This chapter aims primarily to describe effective therapy to prevent, stabilize, or regress atherosclerosis. We begin with a brief review of lesion development. Because lipid-oriented therapy is so important to treatment of atherosclerosis, basic aspects of lipids and lipoproteins are described. A guide to practical decision making in atherosclerosis treatment is the largest section of the chapter.
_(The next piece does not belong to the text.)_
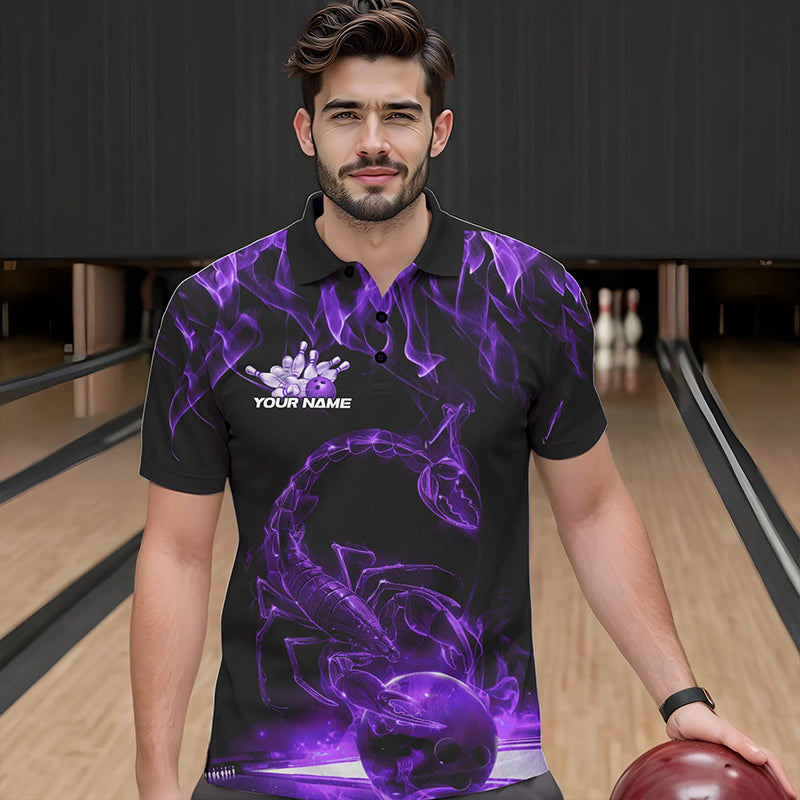 Custom Black And Purple Flame Scorpio Zodiac Bowling Men Polo Shirts, Scorpion Bowling Team IPHW8971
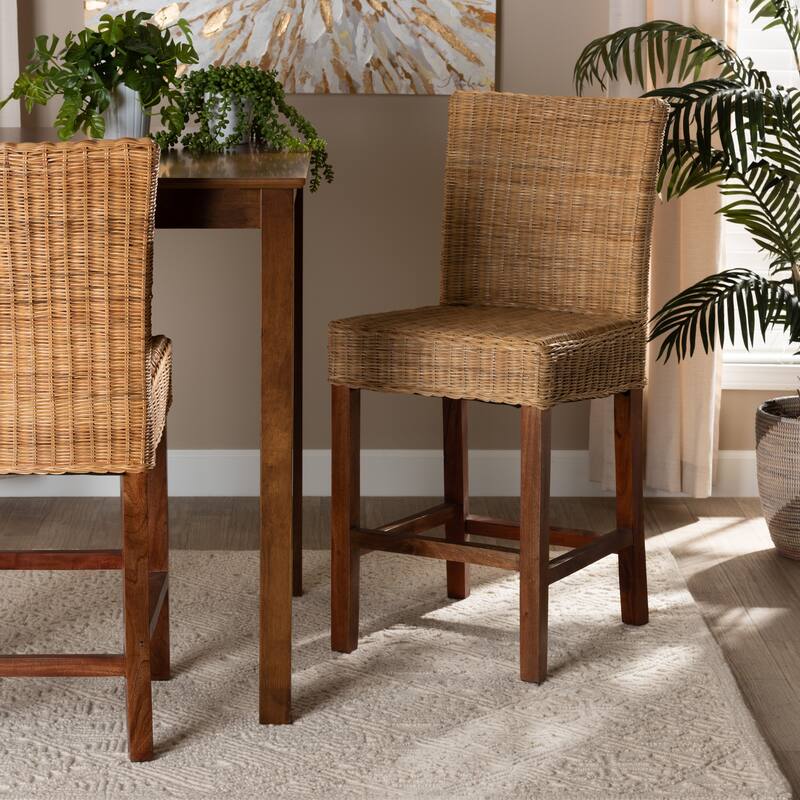 Racquel Modern Bohemian Natural Rattan and Mahogany Wood Counter Stool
Fatty streaks are early atherosclerotic lesions that first appear normally in teenagers in the coronaries and the aorta (Fig. 59-1). These lesions do not disrupt the endothelial lining and have no clinical consequence in themselves. Histologically, fatty streaks are usually found to consist of lipid-filled macrophages with lesser numbers of lipid-bearing smooth muscle cells. The macrophages are derived from circulating monocytes that adhere to and migrate across arterial endothelium—an effect mediated by cellular adhesion molecules upregulated in states of hypercholesterolemia and inflammation.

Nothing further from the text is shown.